**Required work**
Pictures excluded, copy word for word the lines from the one holding "Clarks Black Senior" through the last line below.

**Exercise inputs**

========

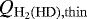 $Q_{\mathrm{H_{2}(HD),thin}}$
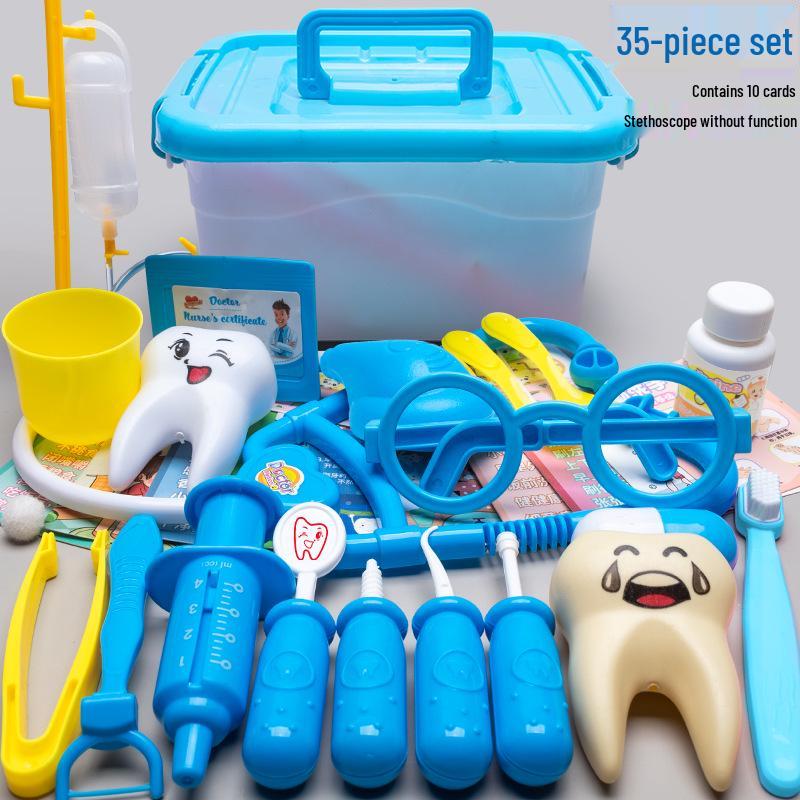 Kids' Doctor Playset: Medical Tools, Stethoscope, Injection, Ambulance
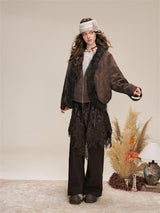 Layered Shirring Pleats Skort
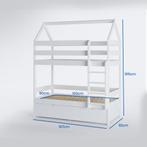 Stapelbed Huisje | Massief Grenen | Nieuw | Scherpe Prijs, Kinderen en Baby's, Kinderkamer | Bedden, Ophalen of Verzenden, Nieuw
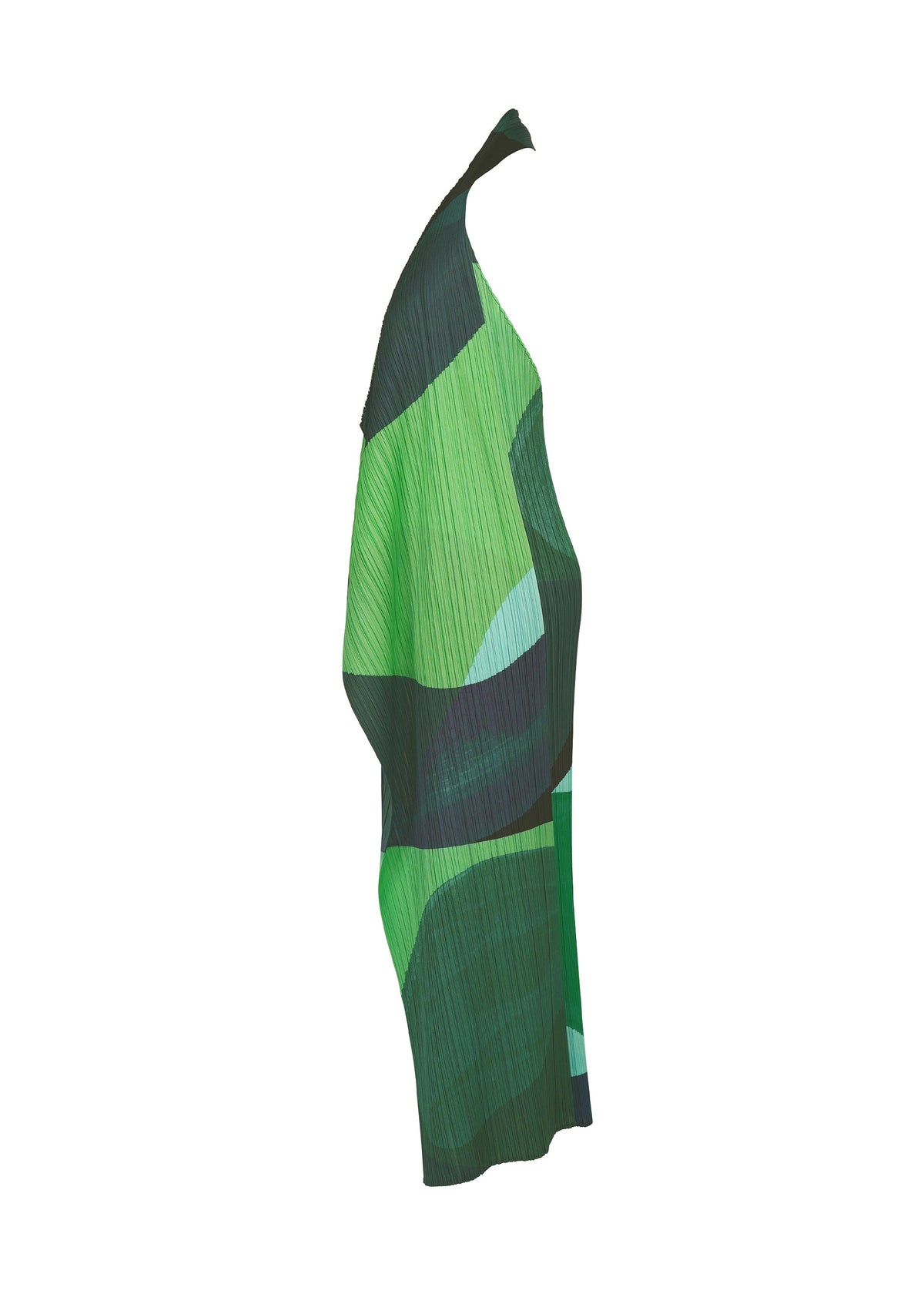 A detail shot of the PLEATS PLEASE ISSEY MIYAKE ORBIT vest.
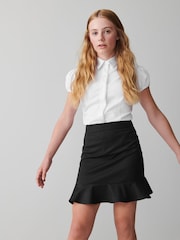 Clarks Black Senior Girls School Peplum Skirt - Image 1 of 11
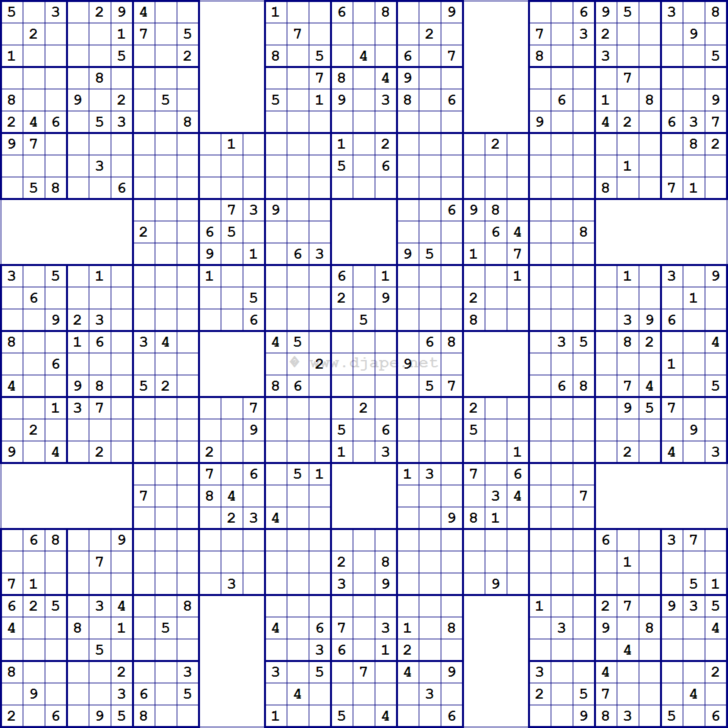 100×100 Sudoku Printable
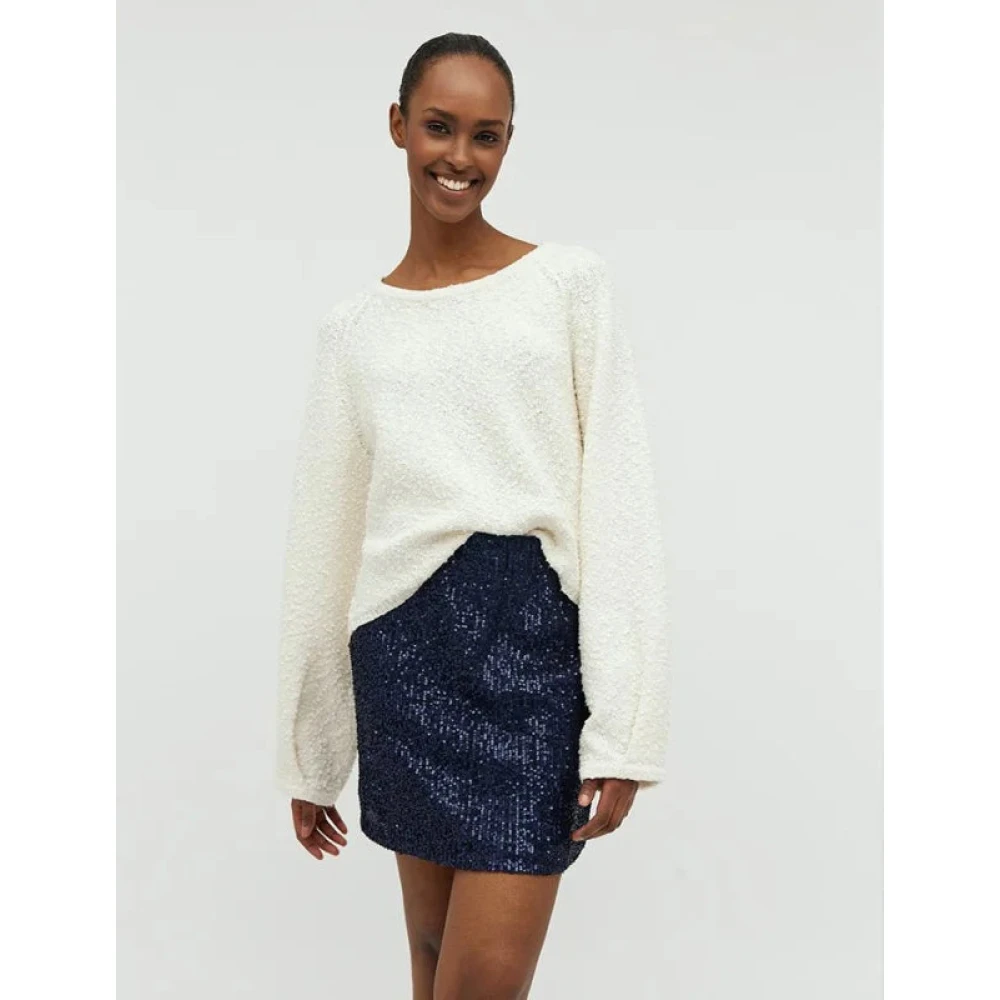 MbyM Blauwe Pailletten Mini Rok voor elke gelegenheid Blue Dames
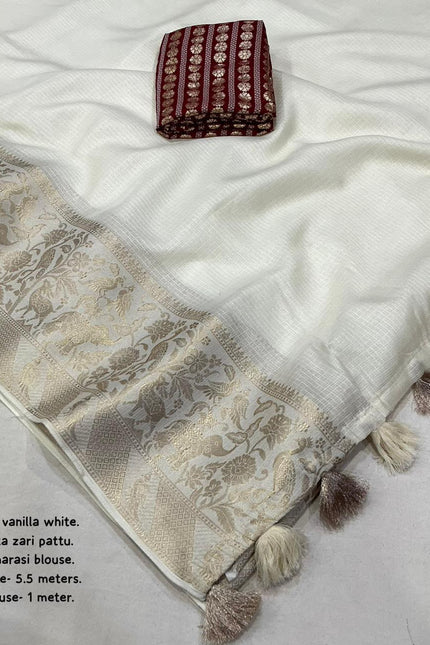 Soft kota silk saree SS587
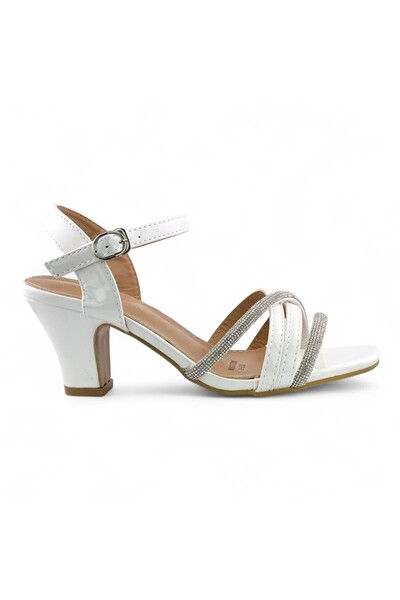 Sunrise حذاء بكعب سميك مع حزام لامع متقاطع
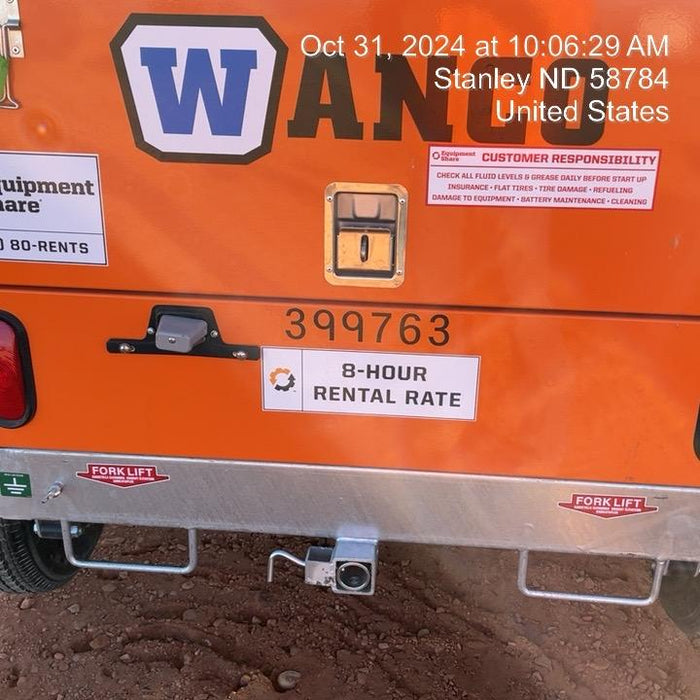 2024 Wanco WLTT-4MM4K Diesel, Deep Sea Controller, Shore Power Plug, Auto Start, (4) 350W LED Floodlights, 4kW Generator, 60 Gal Fuel Tank, 2" Ball, T3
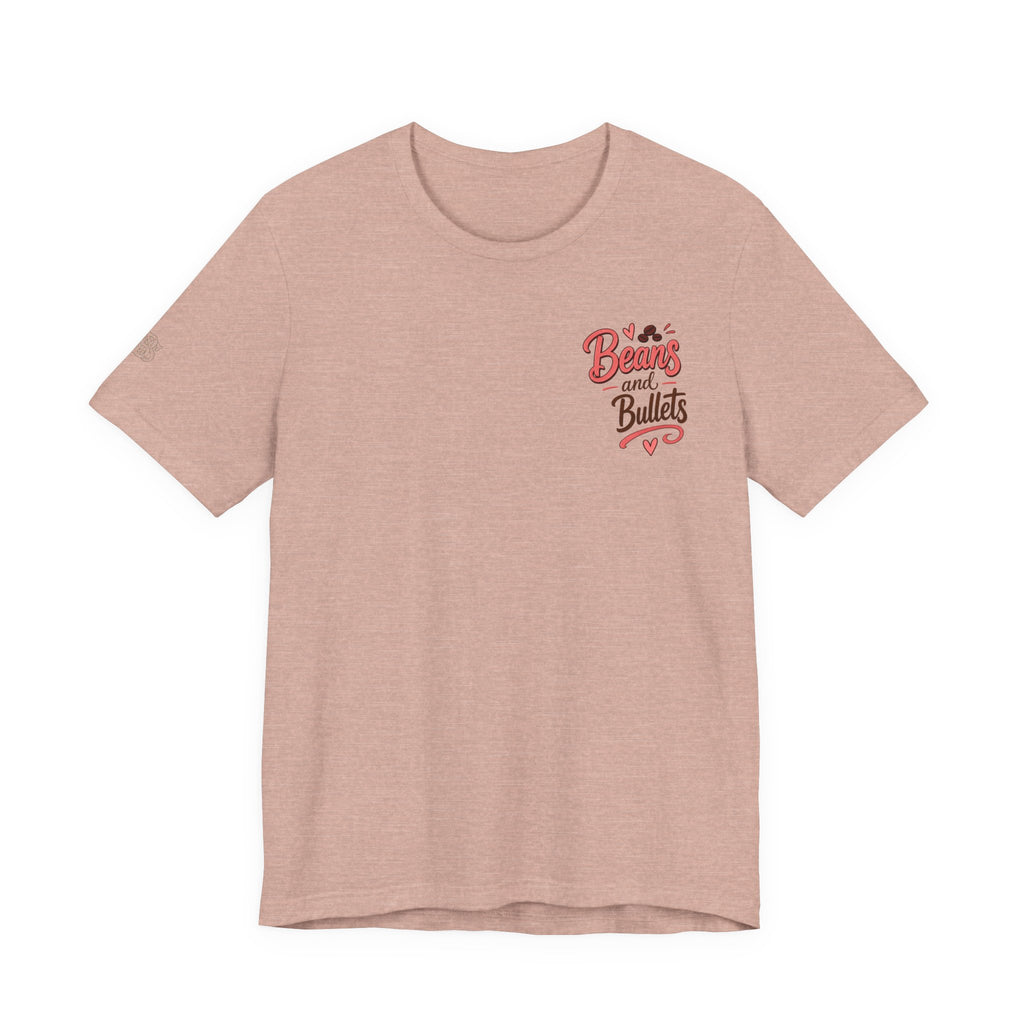 'Beans and Bullets' Coffee Lover T-Shirt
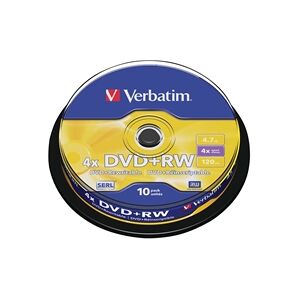 Verbatim DVD+RW Silver Non-Printable Spindle (10 Pack)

========

**Response for this exercise**
 Clarks Black Senior Girls School Peplum Skirt - Image 1 of 11
 100×100 Sudoku Printable
 MbyM Blauwe Pailletten Mini Rok voor elke gelegenheid Blue Dames
 Soft kota silk saree SS587
 Sunrise حذاء بكعب سميك مع حزام لامع متقاطع
 2024 Wanco WLTT-4MM4K Diesel, Deep Sea Controller, Shore Power Plug, Auto Start, (4) 350W LED Floodlights, 4kW Generator, 60 Gal Fuel Tank, 2" Ball, T3
 'Beans and Bullets' Coffee Lover T-Shirt
 Verbatim DVD+RW Silver Non-Printable Spindle (10 Pack)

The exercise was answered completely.